→ **Information provided**
++++

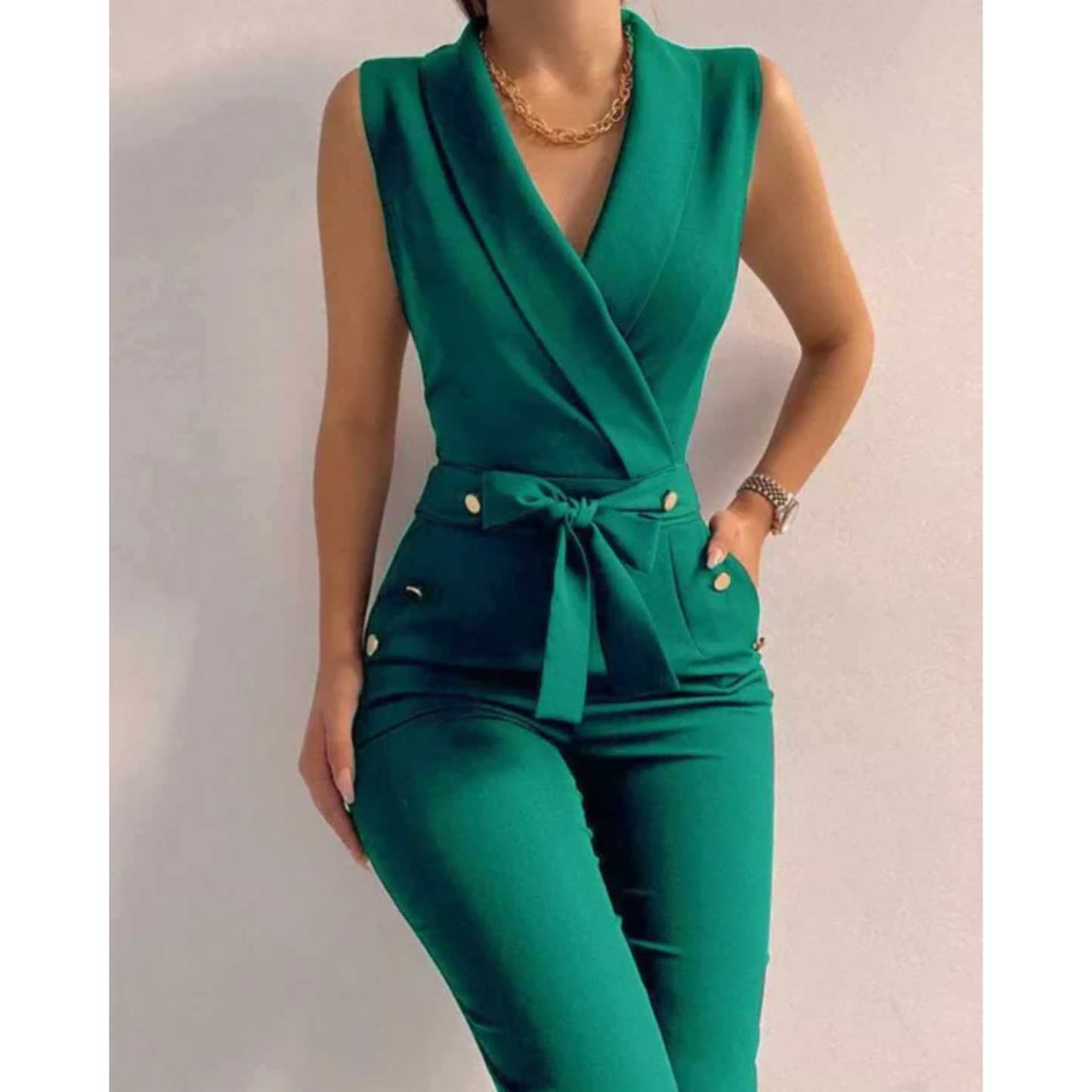 Scuba Crepe Waist-Tie Jumpsuit for Elegant Evening Styling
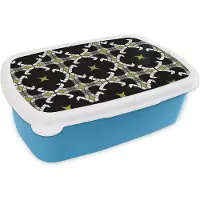 MuchoWow Broodtrommel Blauw - Lunchbox - Brooddoos - Glas in lood - Abstract - Patronen - 18x12x6 cm - Kinderen - Jongen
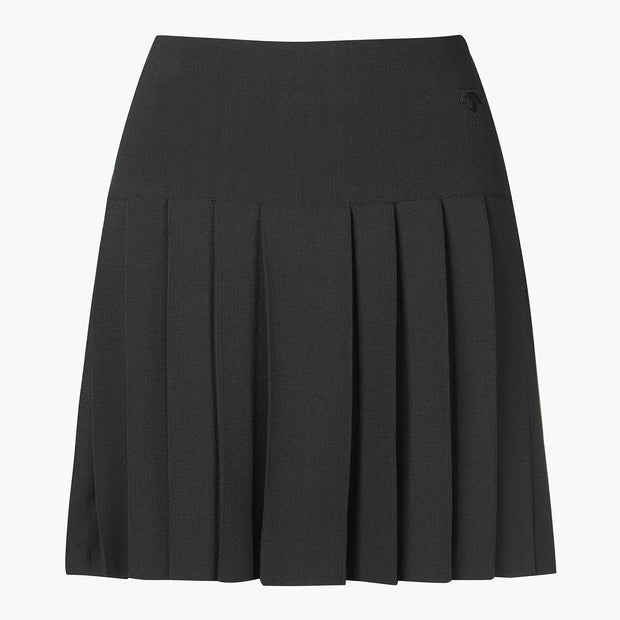 DESCENTE FW22 WOMEN BANDING KNIT PLEATED SKIRT CHARCOAL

++++

→ **What the exercise asks**
From the first line of the material to the last, retype everything exactly except the images.

→ **Result of this task**
 Scuba Crepe Waist-Tie Jumpsuit for Elegant Evening Styling
 MuchoWow Broodtrommel Blauw - Lunchbox - Brooddoos - Glas in lood - Abstract - Patronen - 18x12x6 cm - Kinderen - Jongen
 DESCENTE FW22 WOMEN BANDING KNIT PLEATED SKIRT CHARCOAL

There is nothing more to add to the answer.